L’angle mort médical
Une fracture du métatarse chez un nageur de haut niveau: le protocole médical initial prévoyait six semaines de cicatrisation. Grousset a tenu quatre semaines d’immobilisation - puis a repris progressivement. Aucune des sources consultées ne mentionne si une consolidation osseuse complète a été validée par imagerie avant la reprise des appuis. Ni si un risque de refracture persiste en cas de choc lors d’un plongeon ou d’un virage mur.
L’athlète parle de « sensations aux tendons » après une reprise « un peu vite ». Ce que personne ne dit: à quel pourcentage de sa puissance explosive se situe-t-il réellement? Les chiffres de vitesse en sortie de virage, les temps intermédiaires aux 50 m, les indicateurs de performance mesurés à l’entraînement, rien de tout cela n’a filtré publiquement.

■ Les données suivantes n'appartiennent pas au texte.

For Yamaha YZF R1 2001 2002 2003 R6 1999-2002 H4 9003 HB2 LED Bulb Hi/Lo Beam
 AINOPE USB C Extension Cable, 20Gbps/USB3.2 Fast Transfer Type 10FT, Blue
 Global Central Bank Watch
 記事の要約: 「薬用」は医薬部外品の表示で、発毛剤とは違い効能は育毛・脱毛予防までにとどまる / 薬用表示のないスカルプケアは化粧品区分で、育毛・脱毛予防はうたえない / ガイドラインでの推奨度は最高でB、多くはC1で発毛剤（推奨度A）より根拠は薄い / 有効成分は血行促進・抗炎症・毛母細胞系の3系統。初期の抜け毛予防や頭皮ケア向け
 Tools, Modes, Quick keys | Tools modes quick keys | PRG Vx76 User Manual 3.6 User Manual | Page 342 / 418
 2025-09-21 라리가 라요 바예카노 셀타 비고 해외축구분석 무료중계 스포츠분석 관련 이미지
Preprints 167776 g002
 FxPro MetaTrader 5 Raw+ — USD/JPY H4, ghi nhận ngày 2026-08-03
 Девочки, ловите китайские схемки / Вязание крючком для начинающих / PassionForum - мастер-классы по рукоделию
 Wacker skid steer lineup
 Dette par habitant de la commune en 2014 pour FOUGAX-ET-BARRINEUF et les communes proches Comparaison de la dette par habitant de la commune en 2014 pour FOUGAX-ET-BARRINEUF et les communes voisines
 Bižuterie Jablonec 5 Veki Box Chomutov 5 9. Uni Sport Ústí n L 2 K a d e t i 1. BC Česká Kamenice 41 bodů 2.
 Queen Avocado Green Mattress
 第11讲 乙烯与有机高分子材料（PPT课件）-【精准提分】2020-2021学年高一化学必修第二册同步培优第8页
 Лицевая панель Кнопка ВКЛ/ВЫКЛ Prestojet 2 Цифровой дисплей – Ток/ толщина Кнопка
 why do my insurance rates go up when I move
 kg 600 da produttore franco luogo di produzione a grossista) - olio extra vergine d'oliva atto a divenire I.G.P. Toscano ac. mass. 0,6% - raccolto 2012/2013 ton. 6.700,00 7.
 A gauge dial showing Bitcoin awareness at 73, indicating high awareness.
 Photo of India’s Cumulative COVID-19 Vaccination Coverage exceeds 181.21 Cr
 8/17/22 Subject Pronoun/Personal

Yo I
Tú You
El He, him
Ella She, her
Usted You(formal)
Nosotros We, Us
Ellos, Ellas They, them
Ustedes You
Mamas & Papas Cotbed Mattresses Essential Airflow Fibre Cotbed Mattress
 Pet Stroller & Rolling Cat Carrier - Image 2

Grousset a perdu de la masse musculaire au mollet gauche. La symétrie des appuis, critique en papillon, est-elle rétablie? Les sources restent muettes.
Mi-juillet - il estime ses chances à 80 %. Chrétien conditionne sa participation au retour de « toutes ses capacités physiques ». Entre l’optimisme affiché du nageur et la prudence médicale de l’encadrement, l’écart révèle une incertitude que les chronos seuls trancheront.
Grousset plongera. Ou pas. Le pied gauche décidera.